Puppet may not be better than cfengine (though I think they think it is) and it may not be better than bcfg2. But the presentation is worlds better, and that makes people want to use it. It invites you to use it. xCAT can take a page from that and it’s made me want to double my efforts in revamping the web page.
This shouldn’t be a surprise either. After all, this is what Apple does. They’re a marketing company. Presentation is everything. A good presentation, a good feel, and ease of use will make a tool stand out, even if it isn’t that much better than the rest in the pack.

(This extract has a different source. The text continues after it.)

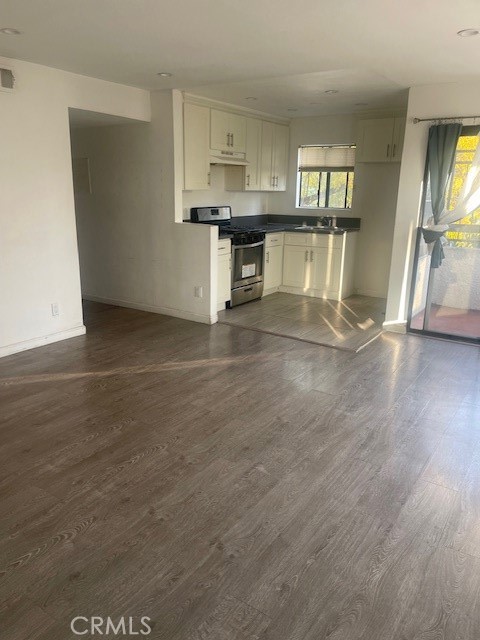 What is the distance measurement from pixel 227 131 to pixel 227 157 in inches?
11.8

Part of the marketing is that the person who started puppet used to code vigorously for cfengine adding lots of modules before striking out on his own. This gives people the idea that puppet is the next generation of cfengine. Its a good story. The ease of use is there, and so just on that alone, I can see why its all the rage now days.
bcfg2 or ‘bconfig’ seems to be the lone wolf of the pack. It’s web site even mentions that it doesn’t get as much press as it probably should. Well, what do you expect? This is a national lab full of unsexy engineers. (no offense guys/gals). They’re engineers developing tools. Having said that, Ti Leggett and I spoke and he showed me all the cool things bcfg2 could do. The modules in there seemed very cool as well as the client/server implementation.
So where does this leave me? Which one do you choose? Well, I hate to say it, but in my situation, I was looking for a solution that could handle an NFS root boot up. It was apparent that they could all handle this in a postscript bring up, but the solutions seemed to fall short when we got a little more specific:
Consider the case of an organization that want’s their images locked down. (meaning NFS root where nearly everything is read only and can’t be touched) This could be a large global organization so /etc/resolv.conf in a lab in Spain isn’t going to be the same as one in Montreal, even though they’re all using the same installation source. Never the less you want /etc/resolv.conf to boot up as a non-writable file, preferably nfs mounted. Sure the user could unmount the file and then change it as root, however no changes they make would stick.
It was a situation such as that where I couldn’t make use of these tools. Perhaps someone knows of a way to do it, but it seems to me that such a tool would need to be integrated into the creation of the ram disk. In addition this global traversing would have to go through a hierarchy of directories:
/foo/globalfiles/
/foo/usafiles/
/foo/newyorkcity/
/foo/datacenter3/
All of these directories may contain an /etc/resolv.conf or a SSH known-host keys that have to be integrated and concatenated down. Perhaps we could look at it from an object perspective instead and this would allow us to see if a node belongs to a particular class. If so how do you establish the hierarchy? It didn’t seem to me that the above tools could handle that. Maybe I’m wrong.
But I think like a lot of other people I would go with Puppet. Not because it’s technically better but because the crowd mind would look like this:
1. If everyone’s doing it, then its going to stick around and I’m not wasting my time learning a dying tool.
2. It’s so easy to learn cause all this documentation, then its not going to take me a long time.
Thus we see my friends, and my point: Sexy wins.